■ MATERIAL PROVIDED:
Content starts

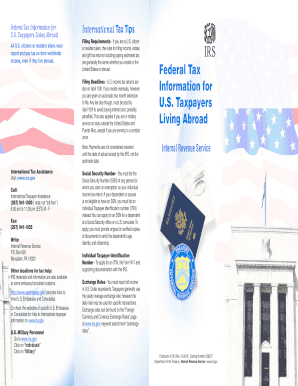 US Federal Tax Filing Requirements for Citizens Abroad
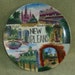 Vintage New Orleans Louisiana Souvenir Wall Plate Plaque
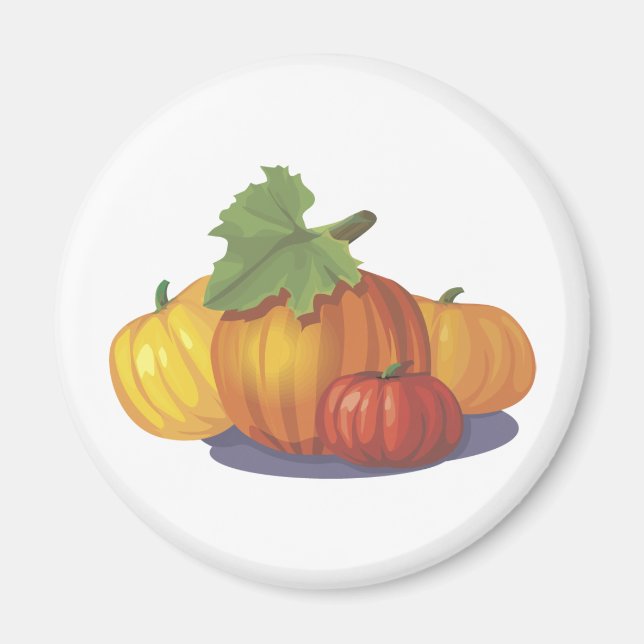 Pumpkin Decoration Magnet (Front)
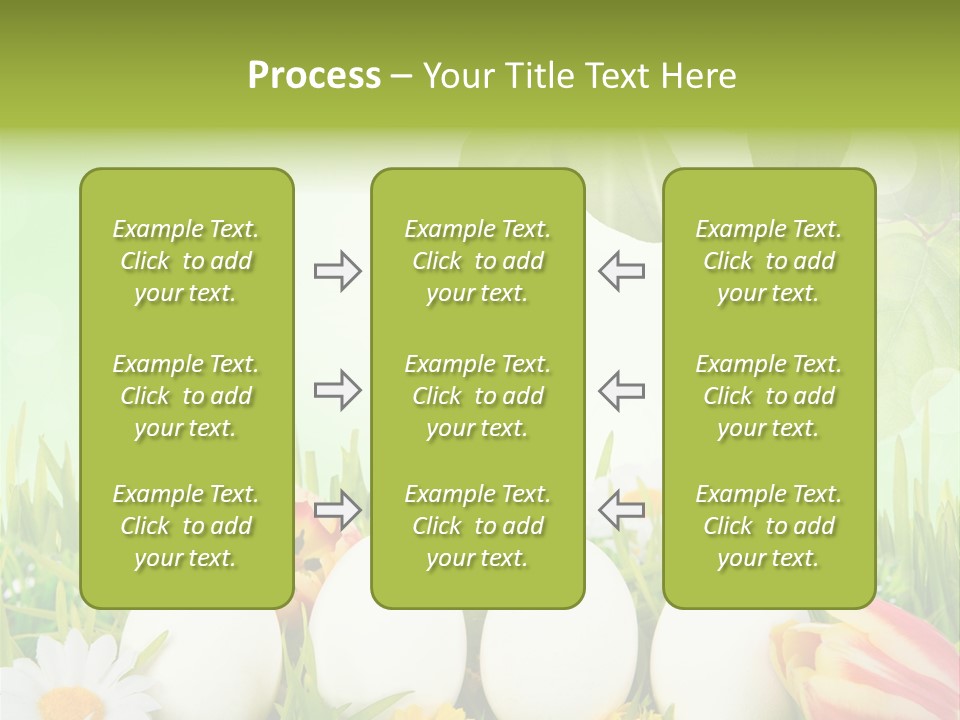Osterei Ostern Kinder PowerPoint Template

Content ends
Content starts

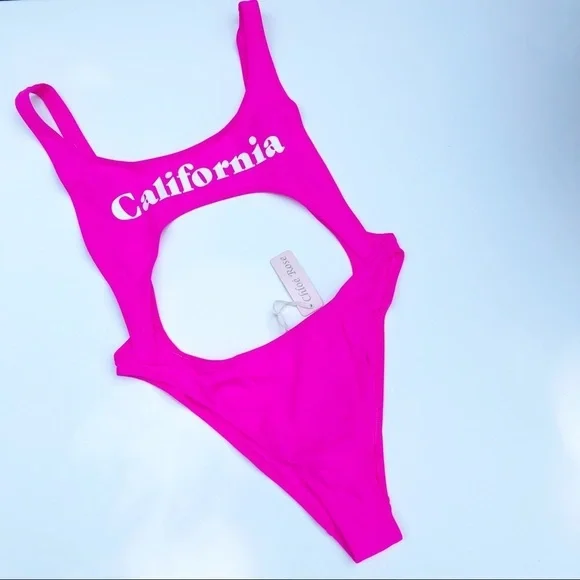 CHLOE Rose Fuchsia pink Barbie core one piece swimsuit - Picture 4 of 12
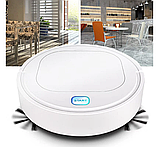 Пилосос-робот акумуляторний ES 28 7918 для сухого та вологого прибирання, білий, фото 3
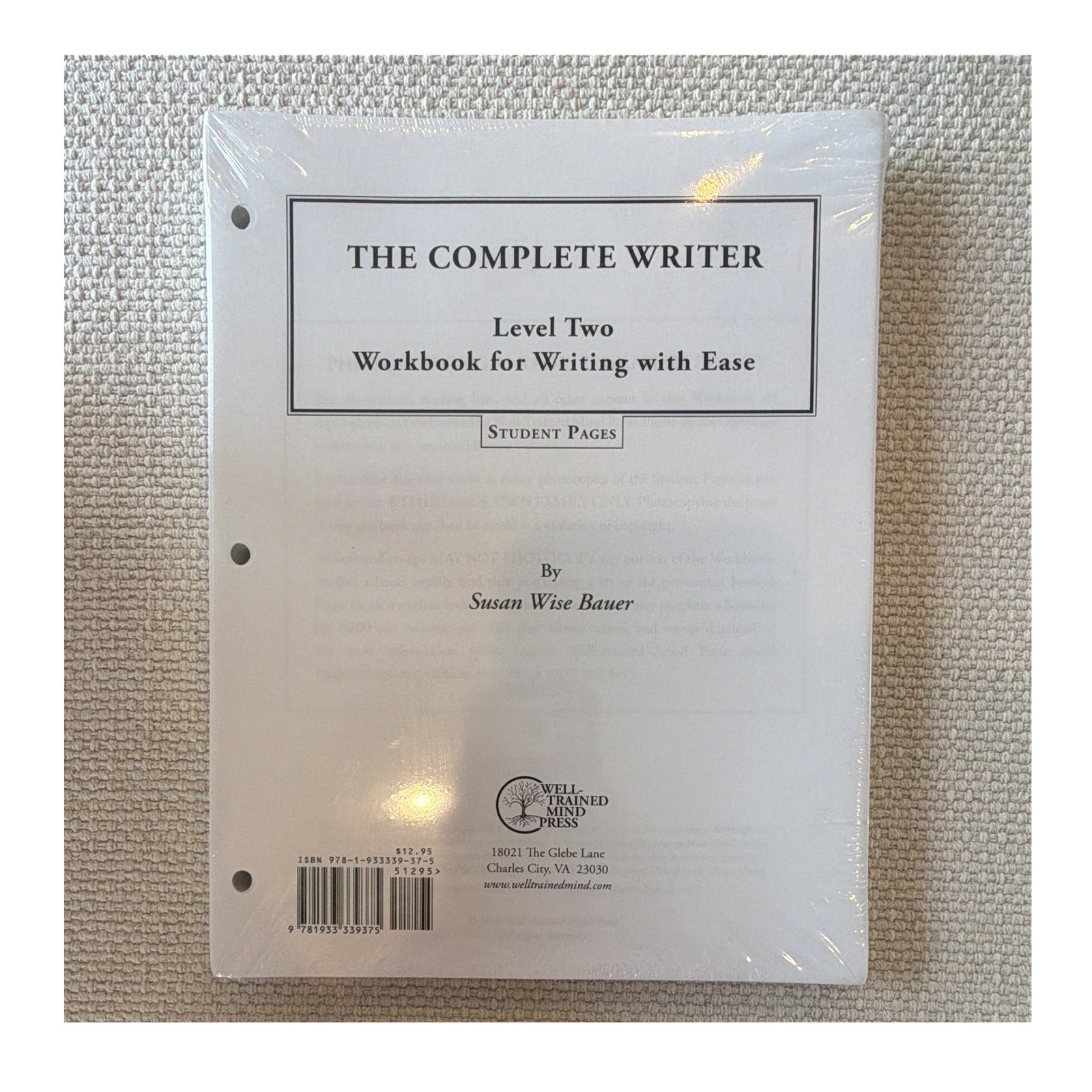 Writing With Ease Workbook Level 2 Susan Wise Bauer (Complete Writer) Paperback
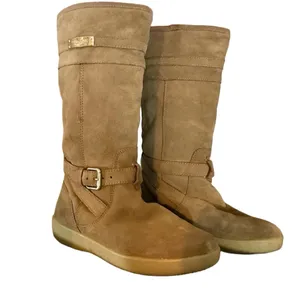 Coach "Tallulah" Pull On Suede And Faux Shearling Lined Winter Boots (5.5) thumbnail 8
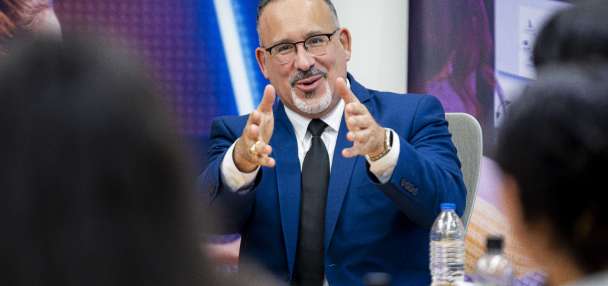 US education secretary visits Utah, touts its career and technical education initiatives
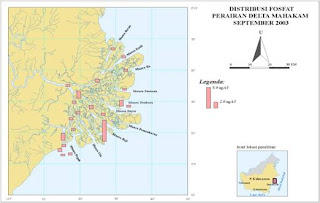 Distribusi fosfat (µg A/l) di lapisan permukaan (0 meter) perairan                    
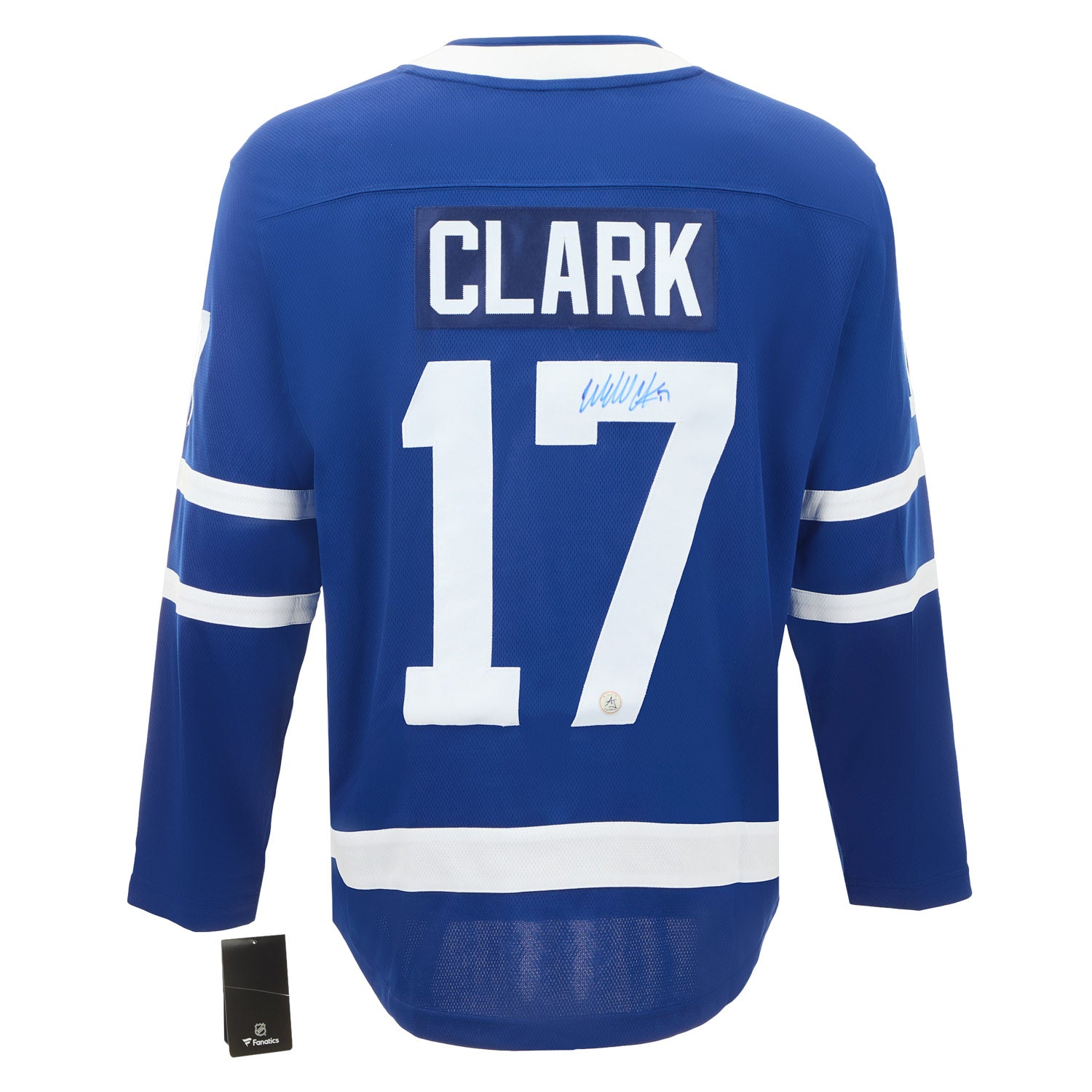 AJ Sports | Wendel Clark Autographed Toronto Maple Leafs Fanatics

Content ends

■ EXERCISE OBJECTIVE: Every line above from the one with "Distribusi fosfat (µg" down to the one with "AJ Sports |" must be written out exactly, and no picture may appear.

■ OUTPUT FOR THIS EXERCISE:
 Distribusi fosfat (µg A/l) di lapisan permukaan (0 meter) perairan                    
 AJ Sports | Wendel Clark Autographed Toronto Maple Leafs Fanatics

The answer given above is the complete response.